# Getting Started

To start using astrodata you can install it as any python package through the GitHub link

## Installation

Install the package directly from GitHub using any package manager such as pip, uv, and conda, the package requires `python >= 3.10`.
```sh
pip install git+https://github.com/Astrodata-project/astrodata.git

conda install git+https://github.com/Astrodata-project/astrodata.git

uv add git+https://github.com/Astrodata-project/astrodata.git
```

## Basic Usage

astrodata at its base works as any other python package, by importing the desired modules and working with the intended workflows astrodata facilitates building machine learning pipelines from data import to model training, implementing tracking and reproducibility along the way.

The [astrotaxi](<project:./python_examples/astrotaxi/0_astrotaxi_example.rst>) example outlines a full pipeline from data import to model training.

Taking the data import part of the example:
```python
from astrodata.data import AbstractProcessor, DataPipeline, ParquetLoader, RawData

# We start by importing  and preprocessing the data

loader = ParquetLoader()

class TargetCreator(AbstractProcessor):
    def process(self, raw: RawData) -> RawData:
        ...
        return raw

data_processors = [TargetCreator()]

data_pipeline = DataPipeline(config_path=config, loader=loader, processors=data_processors)

data_path = "./testdata/green_tripdata_2024-01.parquet"

processed = data_pipeline.run(data_path)

ohe_processor = OHE( ... )

missingImputator = MissingImputator( ... )

preml_pipeline = PremlPipeline(config, [missingImputator, ohe_processor])
preml_data = preml_pipeline.run(processed)
X_train, X_test, y_train, y_test = preml_data.dump_supervised_ML_format()

# Once we have the data we fit the model!

randomforest = SklearnModel(model_class=RandomForestRegressor)

randomforest.fit(X_train, X_test, y_train, y_test)
```

You can see that we start by importing the required classes `AbstractProcessor, DataPipeline, ParquetLoader, RawData, ...` and then by performing operations using the functions that said classes contain.

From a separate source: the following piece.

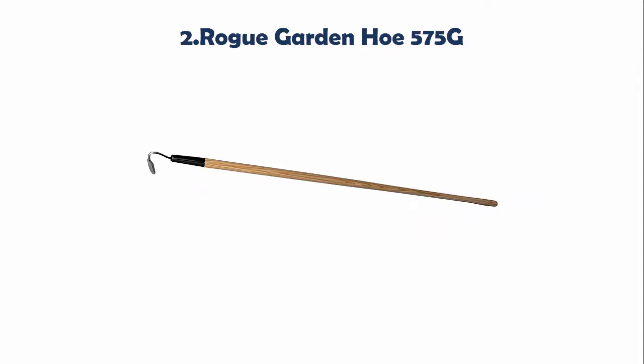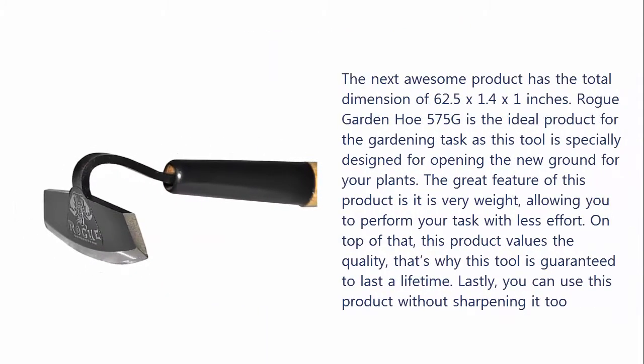Our list at number 2: Rogue Garden Hoe 575G. The next awesome product has the total dimension of 62.5 x 1.4 x 1 inches. Rogue Garden Hoe 575G is the ideal product for gardening tasks as this tool is specially designed for opening new ground for your plants. This product is very lightweight, allowing you to perform your task with less effort. On top of that, this product values quality — this tool is guaranteed to last a lifetime. You can also use this product without sharpening it.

The package is made so that each element can work independently but at the same time respects a "common" pipeline of data -> preml -> ml, with tracking being present along all steps in different forms.

## Dependencies

As per the `pyproject.toml`:

```
dependencies = [
    "dvc>=3.59.2",
    "gitpython>=3.1.44",
    "hyperopt>=0.2.7",
    "mlflow>=2.22.0",
    "numpy>=2.2.4",
    "pandas>=2.2.3",
    "pyarrow>=19.0.1",
    "pydantic>=2.11.3",
    "scikit-learn>=1.6.1",
    "tqdm>=4.67.1",
    "xgboost>=3.0.0",
]
```

`tensorflow` and `pytorch` are optional dependencies in case either of them is required (e.g. for their respective `PytorchModel` and `TensorflowModel`).

## FAQ

TODO: to be collected once researchers start using the package.

## Links to further documentation

Following is the documentation of some of the included packages:
- [**pandas**](https://pandas.pydata.org/docs/)
- [**scikit-learn**](https://scikit-learn.org/stable/)
- [**xgboost**](https://xgboost.readthedocs.io/en/stable/)
- [**hyperopt**](https://hyperopt.github.io/hyperopt/)
- [**mlflow**](https://mlflow.org/docs/latest/ml/)
  
## Contribution Guidelines

Contribution is handled through GitHub pull requests, new functions that correctly extend the provided abstract classes can be accepted without too much control, refer to [extending astrodata](<project:./tutorial/extending.md>) for further informations.